Detroit’s widening financial crisis may force city officials to opt for bankruptcy in a move that financial experts say could cost taxpayers millions, obstruct economic development and take years to settle in the courts.
The Detroit News reports:
Bankruptcy is an option if the city can’t win major concessions from its unions and if the state’s tough new emergency manager law is suspended or repealed.
Under the law passed in March, an emergency manager appointed by the governor would have the power to throw out union contracts, sell off assets such as the Detroit Water & Sewerage Department and other powers to fix the city’s fiscal crisis.
Attorney General Bill Schuette said he is undecided whether Michigan would revert to its old emergency manager law if opponents get enough signatures to put the repeal question on the ballot next year.
But bankruptcy would be a worst-case scenario, warned Brad Coulter, who specializes in municipal turnaround and bankruptcy services.
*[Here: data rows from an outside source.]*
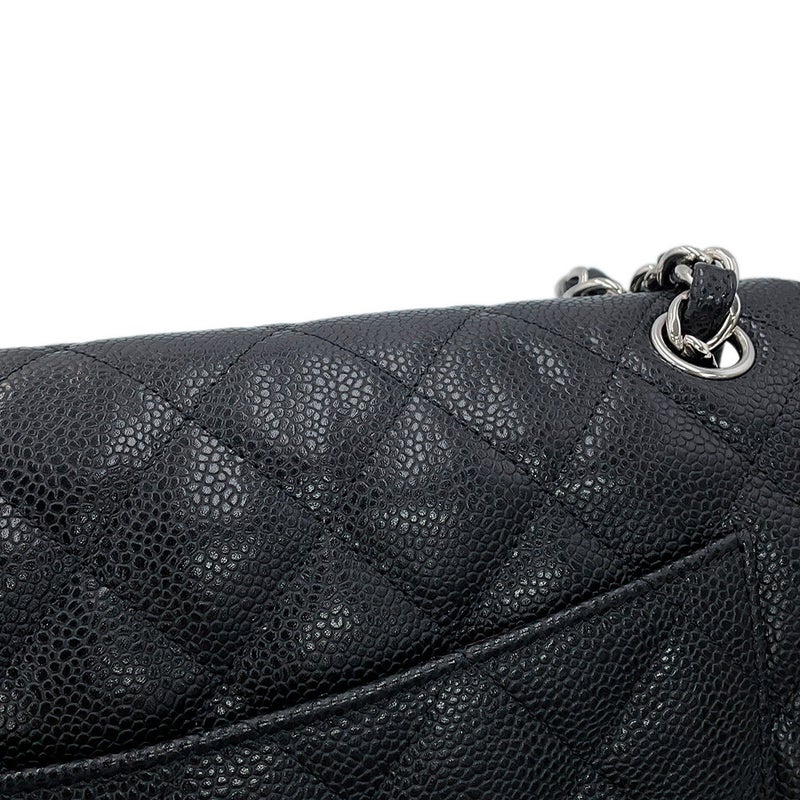 シャネル チェーンショルダーバッグ マトラッセ30 ココマーク キャビアスキン A58600 CHANEL 黒 デカマト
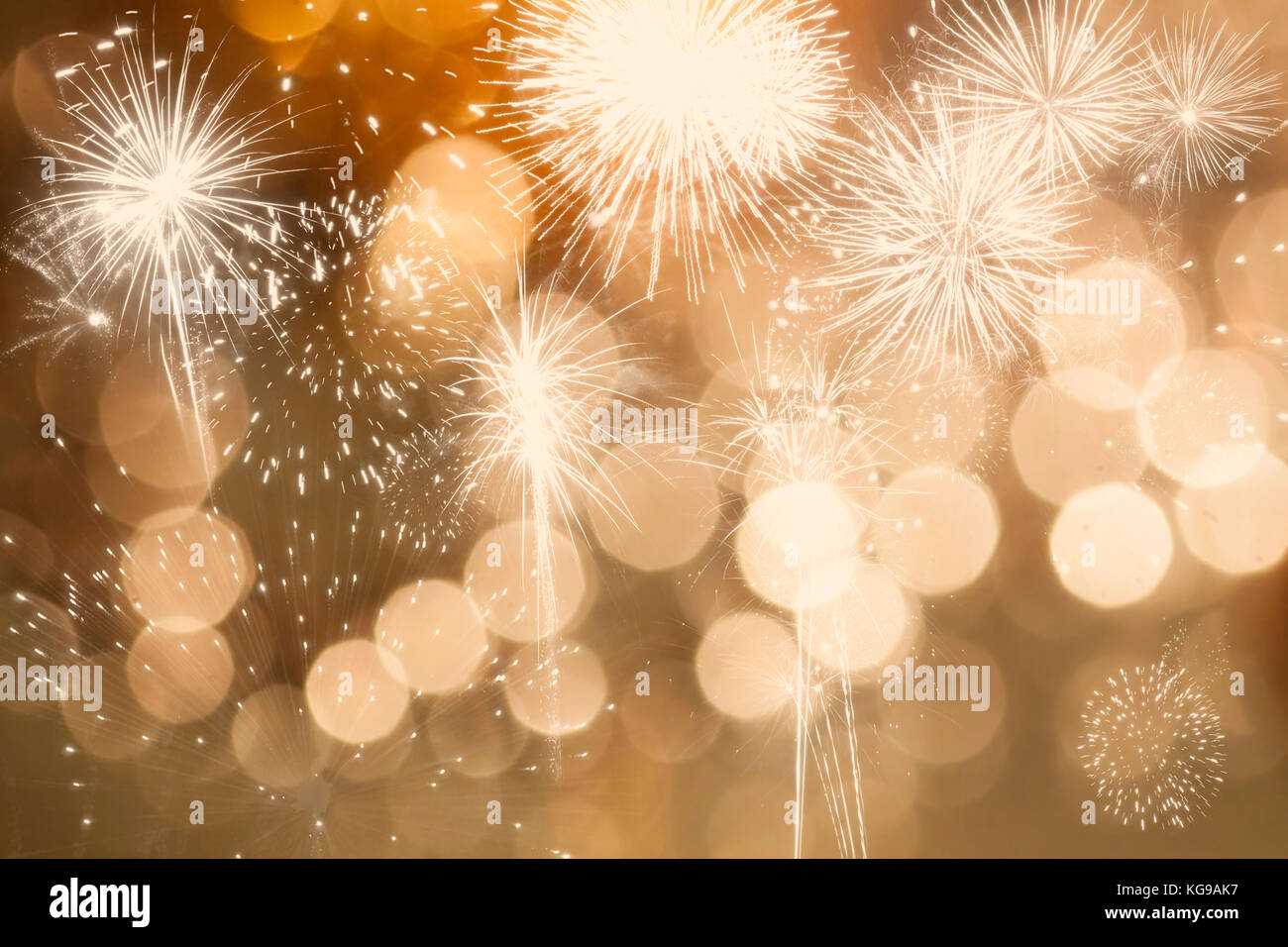 Abstract holiday background with fireworks Stock Photo - Alamy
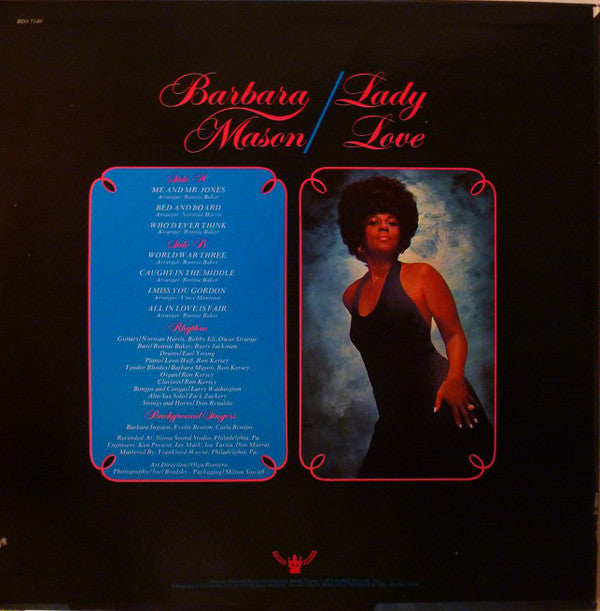 Barbara Mason : Lady Love (LP, Album)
Others contend a Detroit bankruptcy could be an advantage because city officials would have more control over the outcome than if it were under the thumb of a state-appointed emergency manager.
A city Detroit’s size has never filed for bankruptcy. In the late 1970s, Cleveland defaulted on its bank loans, but never filed for Chapter 9. There were bankruptcy filings in Orange County in 1994 and Vallejo, Calif., in 2008, and both emerged from it after their finances were restructured.
Detroit Mayor Dave Bing, who is negotiating with the city’s 48 unions for major concessions and the state officials who recently finished a preliminary review of Detroit’s finances, won’t even comment on the possibility of filing for bankruptcy. State Treasurer Andy Dillon and Gov. Rick Snyder have declined to discuss it as well.